Le gouvernement grec planche sur la liste des réformes qu'il doit présenter d'ici lundi soir à la zone euro pour décrocher le feu vert à l'extension de quatre mois du financement de son économie, décidée par Bruxelles au terme d'âpres négociations.
Au bout de trois rounds de laborieuses négociations à Bruxelles, la Grèce a vu reculer le spectre d'une sortie de l'euro, et espère avoir assuré sa survie budgétaire en décrochant quatre mois de financement supplémentaire, jusqu'à fin juin, mais assorti de conditions extrêmement strictes.
Dans une allocution télévisée samedi, le Premier ministre Tsipras a estimé avoir "gagné une bataille", balançant entre l'apologie d'un accord qui "laisse derrière (lui) austérité, mémorandum, troïka" et la lucidité sur la "route longue et difficile" qui attend le pays.
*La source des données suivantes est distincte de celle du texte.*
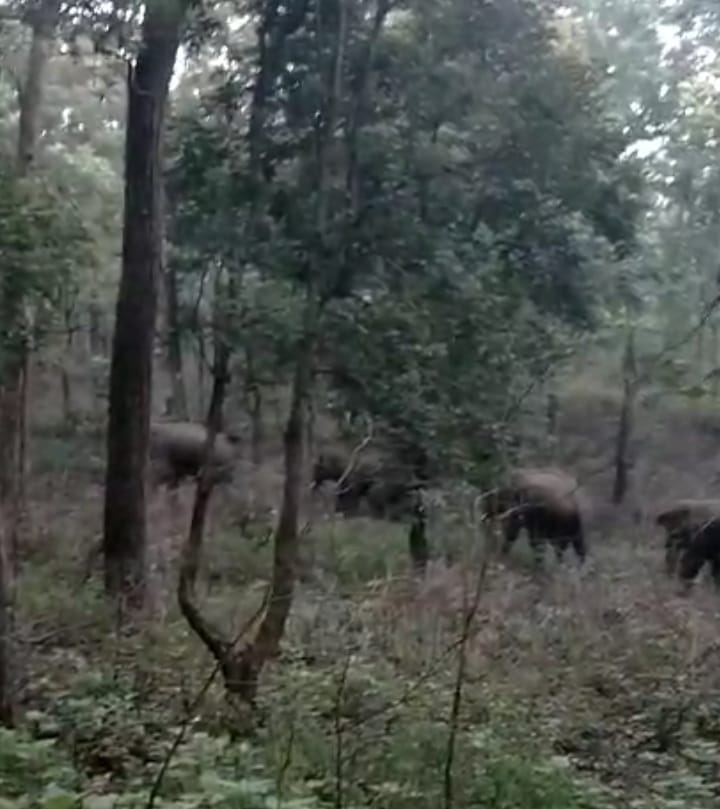 जंगल में विचरण करते चाराें हाथी
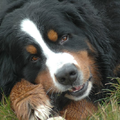 Berner Sennenhond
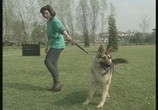 ТВ Дрессировка немецкой овчарки (2009) - cцена 3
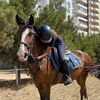 Qızıl Nal Atçılıq🏇🏻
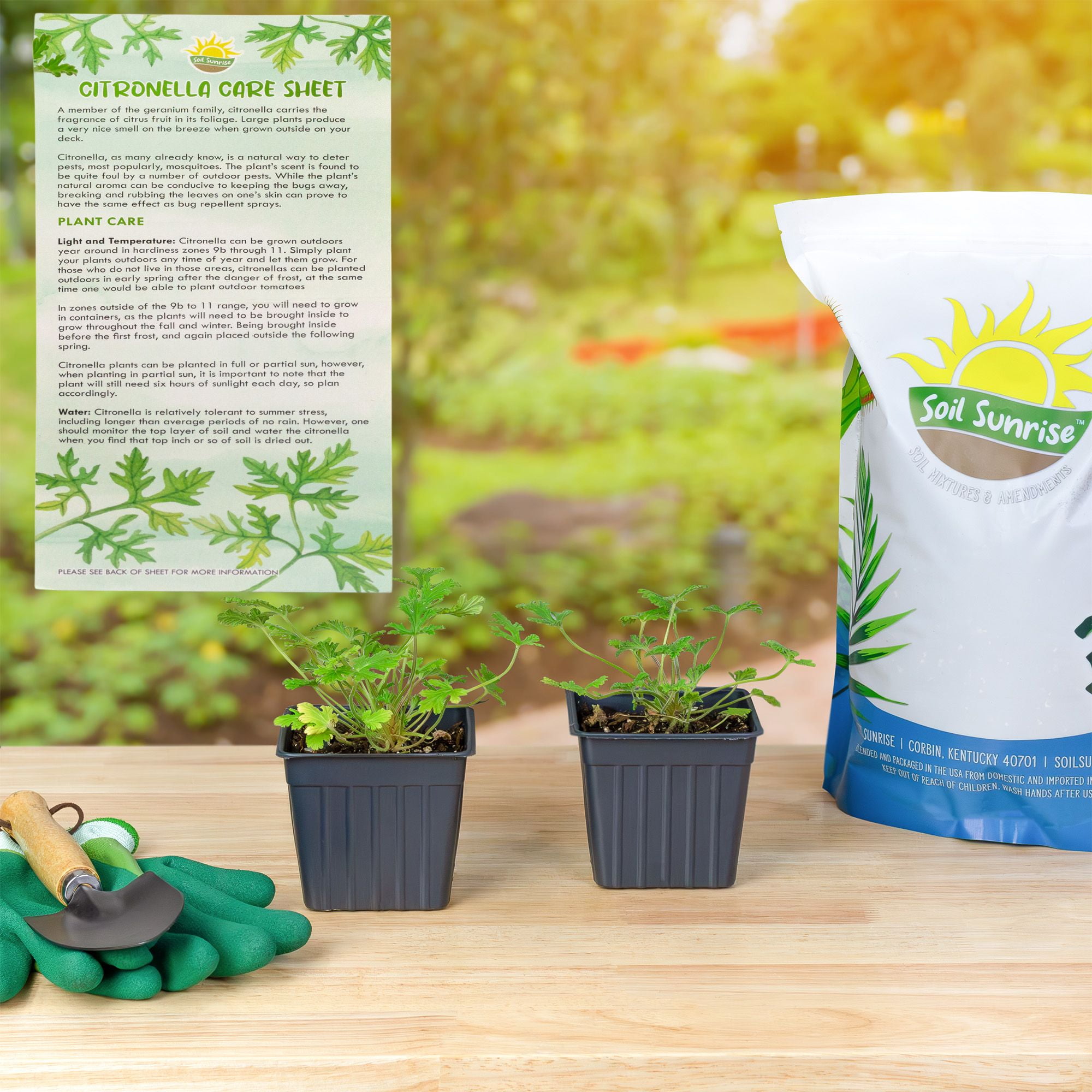 Live Citronella Geranium Plants (2-Pack); Pelargonium Citronella Scented Potted Plants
Le bilan se mesurera à l'aune des réformes que l'exécutif grec doit présenter d'ici lundi soir à ses créanciers, désormais désignés sous le terme d'"institutions" (UE, BCE et FMI) - le mot "troïka" étant banni- et sur la base desquelles l'accord sera entériné ou non, lors d'un conférence téléphonique de l'Eurogroupe mardi.
"Je suis absolument certain que la liste des réformes sera approuvée", a déclaré samedi soir le ministre des Finances Yanis Varoufakis à l'issue du conseil des ministres consacré à la dernière réunion de l'Eurogroupe.
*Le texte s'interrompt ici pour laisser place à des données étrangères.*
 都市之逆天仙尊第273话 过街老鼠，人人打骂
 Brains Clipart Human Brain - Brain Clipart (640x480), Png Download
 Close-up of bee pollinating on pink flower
Selon lui, le gouvernement devrait être dispensé d'inclure certaines mesures jusqu'alors exigées: hausse de TVA, nouvelles coupes dans les retraites ou poursuite de la dérégulation du marché du travail. Cela permet à Athènes de se présenter désormais en "coauteur des réformes et de sa destinée", plutôt qu'en élève soumis, selon M. Varoufakis.
Certains Grecs relativisent, comme Alexandros Milonas, fonctionnaire : le pays "n'avait pas une grande marge de manoeuvre", mais l'accord "va dans le bon sens", a-t-il dit à l'AFP.
- Le côut des réformes -
Mais rien ne garantit que M. Tsipras décrochera le feu vert de la zone euro sur la mise en oeuvre de la partie la plus débattue de son programme: hausse du salaire minimum - que le gouvernement avait fixée pour 2016 - , hausse des petites retraites, protection des saisies immobilières ou arrêt des privatisations.
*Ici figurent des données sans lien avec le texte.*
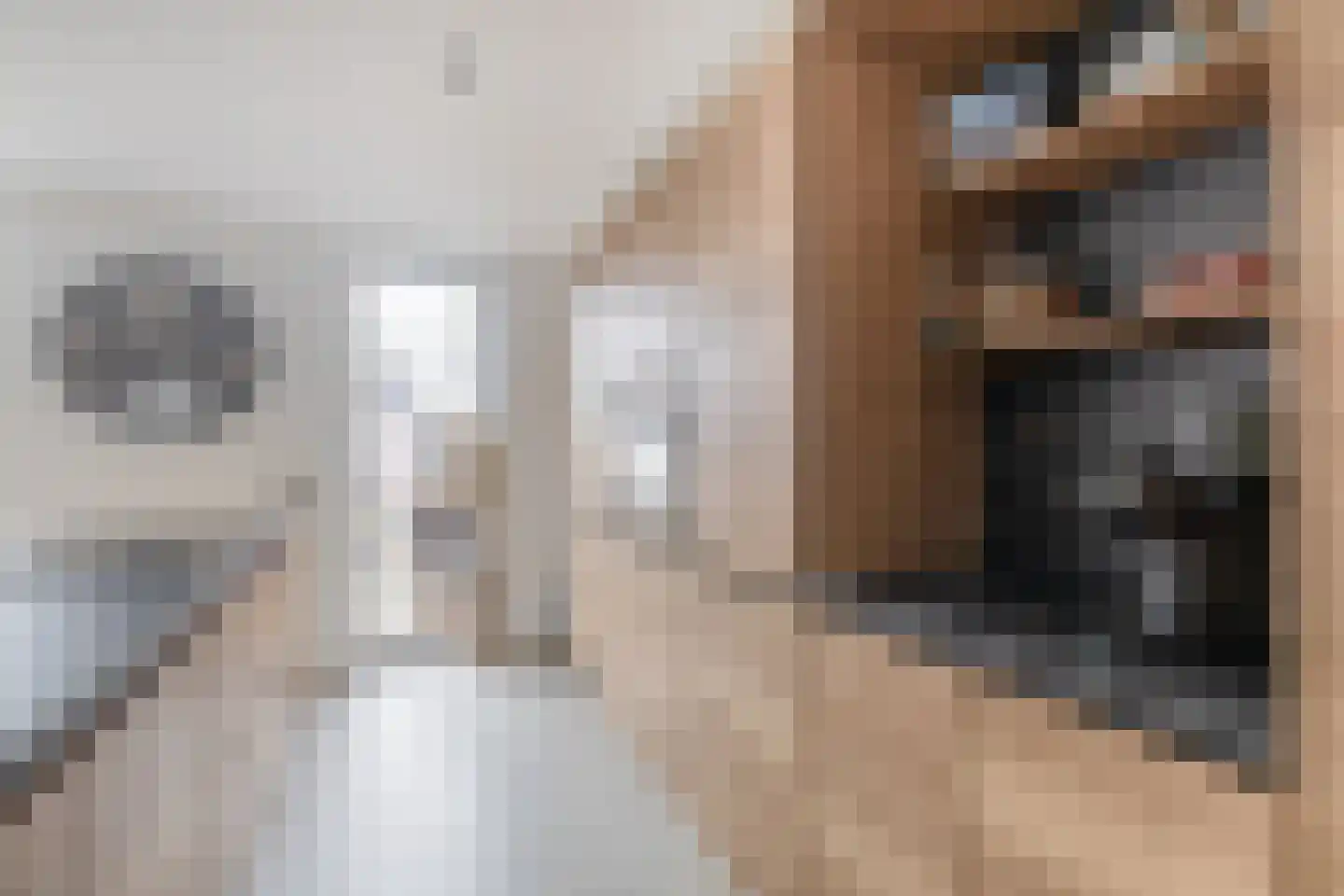 Kerkstraat 19 Tegelen thumbnail 10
Toutes ces mesures ont un coût. Or, dans l'accord trouvé, la Grèce s'engage à ne pas légiférer avec un "impact négatif sur les objectifs budgétaires, la reprise économique et la stabilité financière".
D'autant que ce compromis exclut que le gouvernement puisse utiliser les quelque onze milliards d'euros restant dans le fonds de stabilité des banques grecques pour autre chose que la sauvegarde du système financier. Sachant que la zone euro ne déboursera pas l'argent restant dans le programme d'aide (7,2 milliards d'euros, dont 3,6 venant de l'UE) avant une seconde évaluation des réformes, en avril.
Toutefois l'UE a autorisé Athènes à dégager un excédent budgétaire primaire (hors service de la dette) plus faible qu'iniatiallement souhaité.
Toute réforme "qui n'a pas d'impact budgétaire sévère pourra être mise en oeuvre", a dit samedi le ministre de l'Economie Giorgos Stathakis. Selon lui, certaines mesures de lutte contre la pauvreté promises peuvent aussi rapporter à l'Etat (via les rééchelonnements d'impayés d'impôts), ou être compensées par les recettes attendues de la lutte contre l'évasion fiscale, la corruption, et la réorganisation de l'administration.
Le compromis trouvé à Bruxelles "donne du temps" pour négocier un nouvel accord avec les créanciers avant fin juin, a estimé M. Tsipras. Pour la presse grecque, il s'agit de l'un des acquis du bras de fer engagé par Syriza avec la zone euro.
Selon Matthieu Pigasse, dirigeant de la banque Lazard qui conseille le gouvernement grec sur la restructuration de la dette, il faut "laisser du temps et de l'oxygène" au pays.
Interprétation radicalement différente pour la presse allemande conservatrice selon laquelle "la Grèce peut enterrer ses rêves politiques" (Die Welt) tandis que quotidien populaire Bild se réjouissait d'un "succès pour Schäuble", le ministre allemand des Finances, face à une Grèce qui "plie".
"Les Grecs n'ont plus rien à obtenir. Je suis sûr qu'ils seront toujours obligés de céder", prédisait Daniel Gros, directeur du Centre pour les études politiques européennes, dans la presse italienne.
Un retour à la réalité inévitable selon le président du parlement européen Martin Schulz : "vous ne devez pas promettre à vos électeurs que vous changerez tout dès le lendemain. C'est un rêve, pas la réalité".